Turning Back the Pages: Canada promised opportunity for British men and women

The following memories were captured by Robert H. Mann for the 1982 edition of Golden Memories.

It was in June of 1912 that I first saw the town of Golden. At the age of 21, the voyage across the Atlantic from Scotland was a lifetime thrill for me, never again to be duplicated. Equally fascinating was the long journey from Montreal through the forest and prairies and beside the lakes. At last we reached the bastions of the Rocky Mountains where every mile led through a fairy tale world of snowy peaks, rustling streams and deep canyons.

Our little party of four arrived in Golden, which, to us, was a magical town. Our party included Mrs. Annie Beattie; her daughter, Elizabeth (Beta), my future wife, Bessie Wyeth, the maid, and myself. We stepped off the train to be greeted by the enveloping arms of Mr. Alexander Beattie, Senior, and his two strapping sons, George and Alex. A year before, they had emigrated from Aberdeen, Scotland.

Mr. Beattie became manager of P. Burns and Co. in Golden. I had attended Gordon’s College in Aberdeen with George. I had played rugby against the Grammar School where Alex Junior was on the team. I had not come to Canada to settle down at any particular job or profession. Like many other men from Britain, I had been captivated by the publicity originating from the federal and provincial governments of Canada.

This told of the wonderful opportunities for young men and women in almost any capacity, which included the prospect of a free homestead of 160 acres.

No one, in 1912, foresaw that in two years, Britain and Canada would be in the midst of the First World War. Most of the young men from the British Isles wanted the adventure of exploring this vast new territory of Canada. Worries about work would come later.

In 1912, plenty of work was being offered. As I remember, Golden in 1912, had a fluctuating population which varied from 500 to 1,000. The people were employed in the lumber mill, logging camps, or in the mines in the Columbia Valley. There were stores and hotels which catered to this population and to the numerous travellers.

Most of the settlers in the Columbia Valley were young men of British extraction. They were remittance men whose families sent them enough money to fulfill their desires to become “ranchers.” All had their own horses for work and for driving to town and visiting neighbouring farms. Most of these men volunteered for overseas service in 1914. Few returned to their deserted homesteads.
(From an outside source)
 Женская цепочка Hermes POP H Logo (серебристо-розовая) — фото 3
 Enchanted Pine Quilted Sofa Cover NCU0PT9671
There were three churches: the Methodist, Presbyterian and Anglican. Each had about the same number of members. The only minister I can remember is Rev. McRae of the Presbyterian Church. He had been a missionary in India. Rev. McRae was instrumental in starting and keeping alive the Golden Literacy and Debating Society. He persuaded me to take over the old historic church in Field during the absence of the regular minister. At one time this was Ralph Connor’s church (the celebrated western writer). My church activities included a boxing club, a dancing and dramatic society, etc. These proved to be popular and increased membership in our church to a respectable quota.

When the hectic search for gold along the Fraser River and in the Caribou died down, men turned to our natural resources, of farming, lumbering, and mining to exploit the visible and enduring wealth of the land.

After the First World War, which drained Canada of so many vigorous young men, the scene changed. The Kootenay Central Railway had been completed. The gas engine had replaced the horse-drawn vehicle and there was a general mechanization of industry. Some of the romance vanished with the old ways and efficiency took the place of adventure. This did apply to the history of Golden and its surroundings.